Enviada em 12/08/2025

No século XVIII, Edward Jenner, por meio de seus experimentos e pesquisas, desenvolveu a primeira vacina, contribuindo significativamente para a erradicação da varíola, uma doença grave que vitimou milhares de pessoas. No entanto, embora Jenner tenha descoberto um método eficaz para salvar vidas, ainda hoje, no contexto da sociedade brasileira, persiste um intenso debate sobre a quebra de patentes de vacinas, especialmente em situações de emergência sanitária. Diante disso, é necessário analisar tanto os progressos quanto os entraves relacionados à quebra de patentes no cenário brasileiro.

Primeiramente, evidencia-se a necessidade de encontrar maneiras para evitar a dependência na criação de vacinas, o que pode causar atrasos nas produções.
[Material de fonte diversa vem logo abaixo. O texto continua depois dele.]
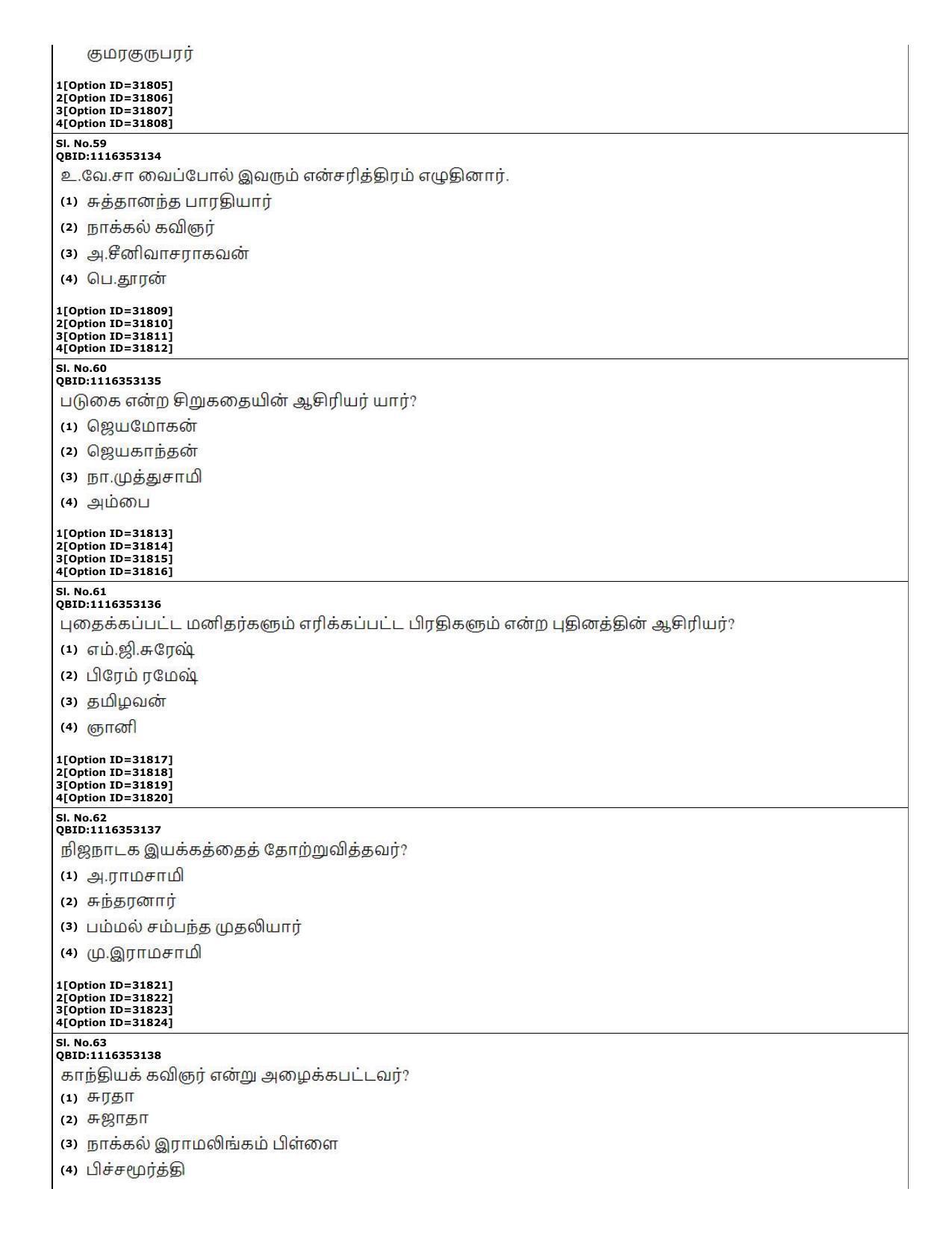 CUET (PG) 2022: PGQP-60 Tamil (10-09-2022) Question Paper - Page 17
Apesar dos avanços em instituições como a Fiocruz, o Brasil depende da importação de insumos farmacêuticos, especialmente de países como Índia e China, o que limita sua autonomia na produção de vacinas. Logo, é necessário investir mais em pesquisa e formação técnica, visando reduzir essa dependência

Além disso, por se tratar de um tema que acarreta grandes riscos iminentes à saúde pública, a questão contribui para a desigualdade no acesso global. Durante a pandemia da COVID-19, ficou claro que países ricos concentraram vacinas e mantiveram o controle das patentes, dificultando o acesso dos países mais pobres. Assim, o processo legal para quebrar patentes é lento e complicado, tornando inviável a rápida distribuição global.

Em suma, é fundamental que o Estado estabeleça medidas que atenuem o quadro exposto. Para isso, urge que o Governo Federal, em especial o Ministério da Saúde e o Ministério da Educação, crie programas de incentivo à formação técnica e científica de profissionais da área farmacêutica, por meio de parcerias entre universidades, institutos públicos e setor privado, reduzindo a dependência externa e fortalecendo a autonomia na produção de vacinas, resultando em mais autonomia e acesso justo à saúde. Somente assim, a partir dessas ações, será possível minimizar o debate sobre a quebra de patentes de vacinas.